Question

If \( PQ \) is a chord perpendicular to the transverse axis of \[ \frac{x^2}{4} - \frac{y^2}{b^2} = 1 \] of eccentricity \( \sqrt{3} \) such that \( \triangle OPQ \) is an equilateral triangle (where \( O \) is the origin), then the area of \( \triangle OPQ \) is:

• A. \( \dfrac{4\sqrt{3}}{5} \)
• B. \( \dfrac{2\sqrt{3}}{5} \)
• C. \( \dfrac{8\sqrt{3}}{5} \)
• D. \( \dfrac{16\sqrt{3}}{5} \)

Hint:

For conic sections, always compute unknown parameters like \( b^2 \) using the eccentricity before proceeding.

Answer 1

The Correct Option is C

Step 1: Find the value of \( b^2 \).
For the hyperbola \[ \frac{x^2}{a^2} - \frac{y^2}{b^2} = 1 \] the eccentricity is given by \[ e = \sqrt{1 + \frac{b^2}{a^2}} \] Here, \( a^2 = 4 \) and \( e = \sqrt{3} \). Hence, \[ 3 = 1 + \frac{b^2}{4} \Rightarrow b^2 = 8 \]
Step 2: Coordinates of points \( P \) and \( Q \).
Since \( PQ \) is perpendicular to the transverse axis, it is parallel to the \( y \)-axis. Let the points be \( (x, y) \) and \( (x, -y) \).
Step 3: Use equilateral triangle condition.
For \( \triangle OPQ \) to be equilateral, \[ OP = PQ \] This gives a relation between \( x \) and \( y \).
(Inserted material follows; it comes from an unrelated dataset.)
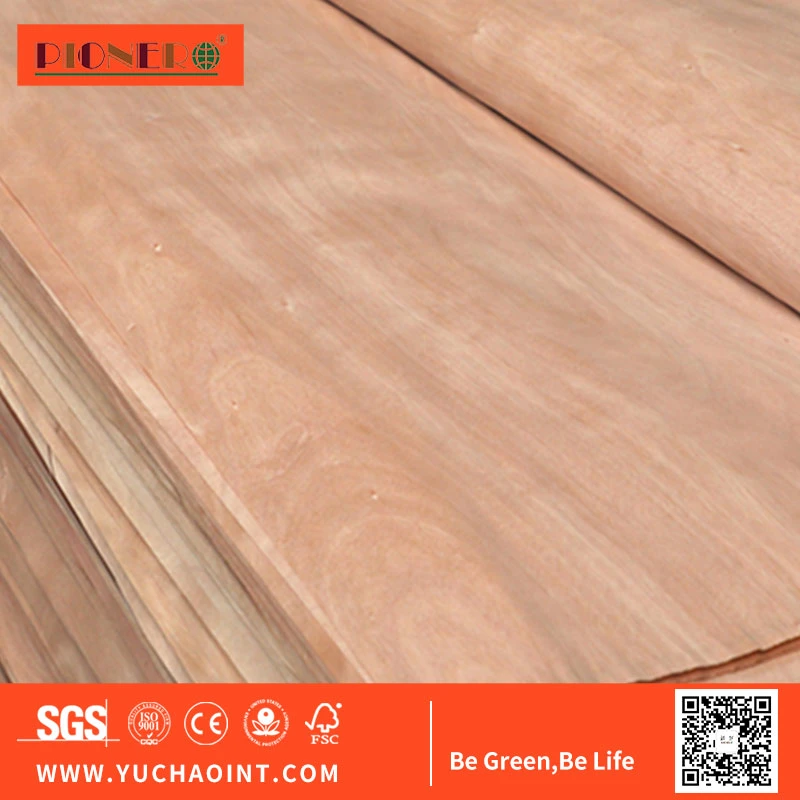 Natural Okoume/Birch/Pine Wood Veneer for India, Malaysia, Indonesia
Substituting into the hyperbola equation and solving gives the side length.
Step 4: Find the area.
The side of the equilateral triangle comes out to be \[ \frac{4}{\sqrt{5}} \] Hence, the area is \[ \frac{\sqrt{3}}{4} \times \left(\frac{4}{\sqrt{5}}\right)^2 = \frac{8\sqrt{3}}{5} \]